In this description there is reference to two types of masks used during printing, shifted and normal, which are defined as follows:

• • a shifted mask is one that has been shifted vertically for use in one of the preload passes. The shifted masks are also shorter in the vertical direction—the shifted mask has a height equal to the page advance distance times the pass number.
  • a normal mask has its contents in the original position.

Continuing with the description of the present invention, a few more terms and concepts will now be introduced. A “preload” pass is now defined wherein the print mask is shifted by a number of nozzle positions relative to the printhead. Preload passes are used in situations where multipass printing is desired, but it is advantageous to keep the page stationary. Examples of this situation commonly occur at the top and bottom of a “borderless” print, in which it is desired that ink is deposited right up to the edge of the page, with no unprinted border surrounding the printed area. It is known in the art that in borderless print modes, it is advantageous to keep the media stationary at a position in the printer where the flatness of the paper surface can be maintained, thereby providing improved print quality. For example, U.S. Pat. No. 5,555,006 discusses “sweep rotation” of the mask near the top and bottom of the page (see section 6 of '006). Sweep rotation of a mask is substantially the same as the concept of preloaded passes described herein. However, '006 discloses only the use of sweep rotation of the mask for facilitating the printing of the top edge and the bottom edge of the paper. Patent '006 does not disclose the compensation for failed nozzles at the top and bottom edges of the paper, which is an object of the present invention.
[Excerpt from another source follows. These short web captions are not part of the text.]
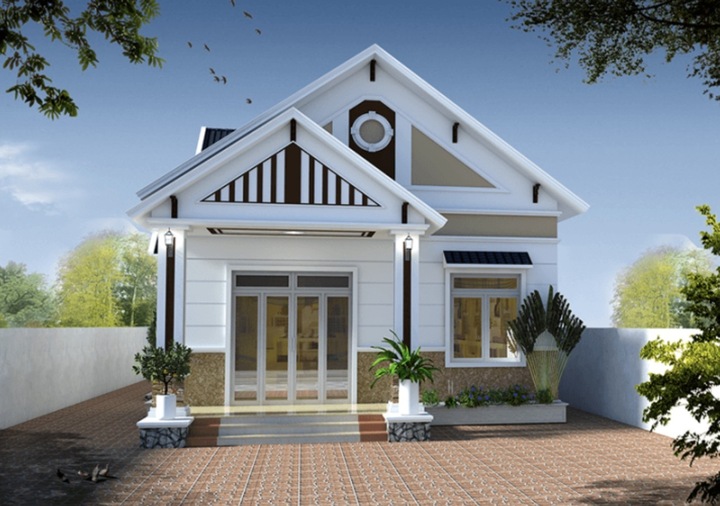 Ngôi nhà có diện tích khá nhỏ gọn với chiều rộng mặt tiền là 7m và chiều sâu lên tới 10m. Nhìn vào bức ảnh phối cảnh, ta có thể thấy thiết kế của mẫu nhà ở này khá đơn giản, điểm nổi bật được thể hiện ở phần mái với các họa tiết bắt mắt.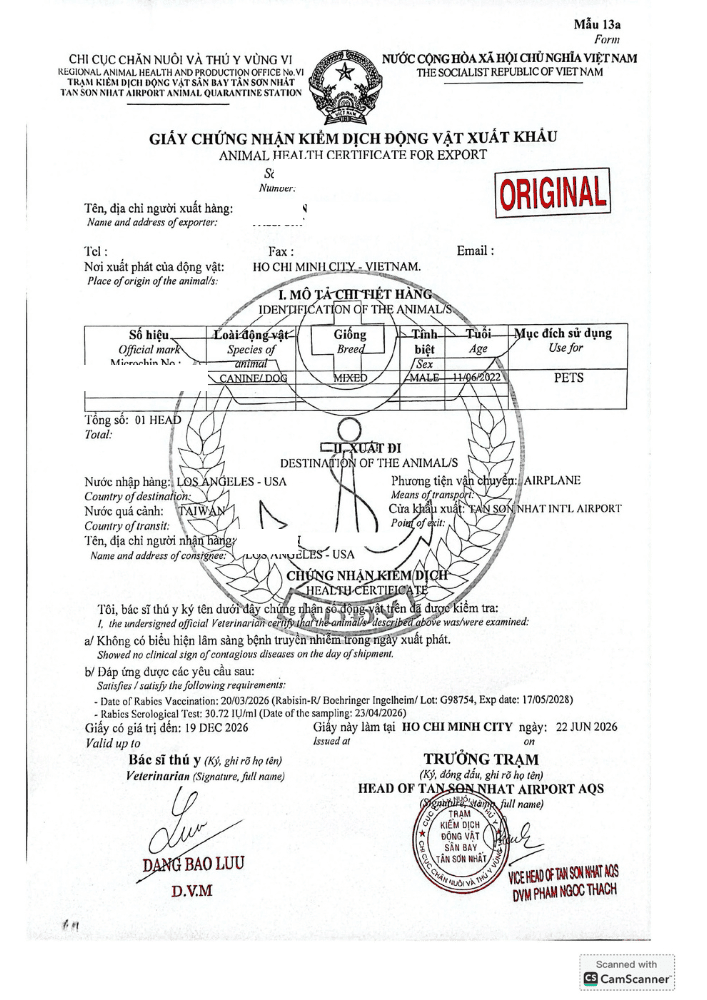 Vietnam export health certificate for Pun's travel to the USA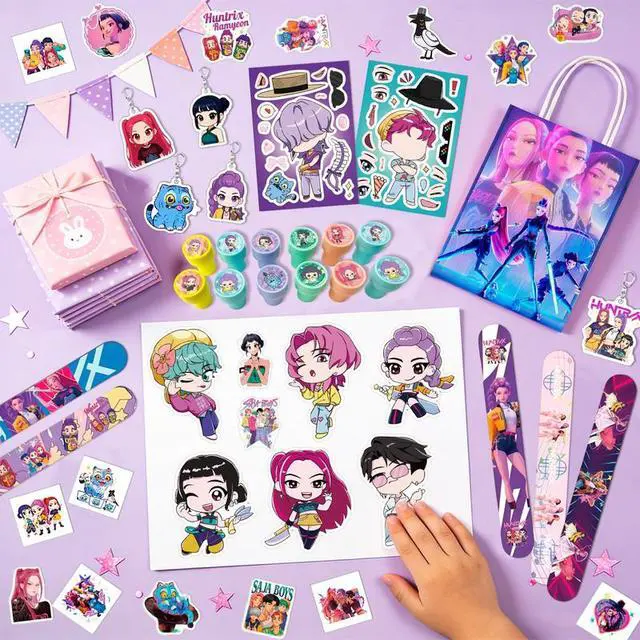 Alt view image 3 of 7 - 227 Pcs Kpop Demon Hunter Birthday Party Favor-Kpop Demon Hunter Gift Bags Stickers Keychains Acrylic Badges etc Kpop Demon Hunter Party Goodie Bags Stuffer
Depending on the number of preload passes, the number of total passes, and the number of drops being printed per location it may not be possible to compensate for all the missed drops, but the system described below will provide an excellent print even when that situation occurs. In many borderless printing methods which keep preload pass position absolutely still, it is sometimes difficult to compensate for all missing drops, and since compensated drops are fired at limited passes and nozzles, there may not be enough randomization to hide character of individual nozzle. Cases where the complementary nozzles picked also fail can make this situation even worse. The system and method described below overcome the print errors that these problems present.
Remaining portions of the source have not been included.